For read flow control, a method receiveNextMessage is provided to the users to indicate that they are ready to receive another message. It will trigger the gRPC Objective-C layer to retrieve a message with gRPC core with RECV_MESSAGE operation. If more than one receiveNextMessage is called before a message is forwarded to user, they stack up and allows more consecutive reads of messages.

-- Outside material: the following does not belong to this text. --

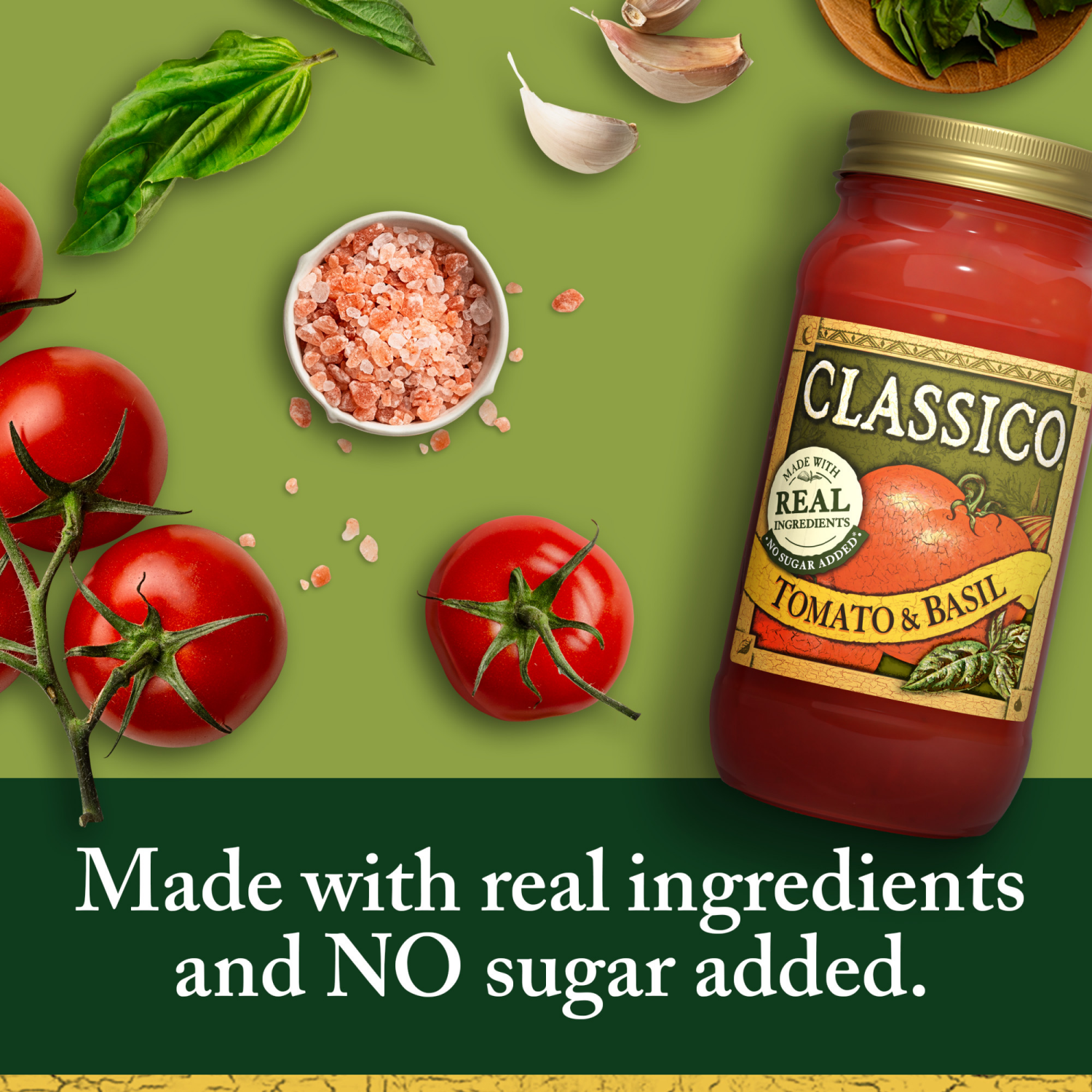slide 4 of 5, Classico Tomato & Basil Pasta Sauce, 24 oz Jar, 24 oz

If flow control is not enabled, messages will be automatically read and forwarded to the users.

@interface GRPCCall2

...

- (void)receiveNextMessage;

...

@end

Rationale

Write flow control performance

The write flow control implies only one message be buffered in gRPC Objective-C layer, and the didWriteData callback is issued to another thread. So a context switch happens for each write of message. On mobile platform this may not be a big issue, but in case some users do send a large amount of small messages and find the performance poorer than their expectation, the issue may be resolved in either of the following ways:

  • since gRPC does not put a hard restriction on how many writes can be pending for each call, users may have more than 1 pending writes for each call in gRPC Objective-C layer and write their own flow control logic based on didWriteData callbacks;
  • gRPC Objective-C layer may detect the size of message at writeData function and immediately issue back a didWriteData callback if the message size is small.

Write flow control API

We considered putting a hard limit on the write flow control such that when more than one message is pending in gRPC Objective-C layer, an error is returned to the user. However, the benefit of doing so is not very clear, and it eliminates the possibilities of providing users flexibility have more flexible flow control policy themselves as described in the previous subsection. Therefore we decide to not put such a hard limit.

Read flow control API

An alternative read flow control API could be:


- (void)receiveNextMessages:(UInteger)numberOfMessages;

The effect would be the same as calling receiveNextMessage: multiple times.

Implementation

The feature involves minor changes in GRPCStreamingProtoCall and GRPCCall2 interfaces, and medium size change in the implementation of GRPCCall2. The major implementation change is 1) to propagate SEND_MESSAGE operation completion back to the GRPCCall interface, and 2) to not automatically issue READ_MESSAGE operation to gRPC core but wait for it be triggered by a call to receiveNextMessage: method.

The feature will be implemented by @muxi.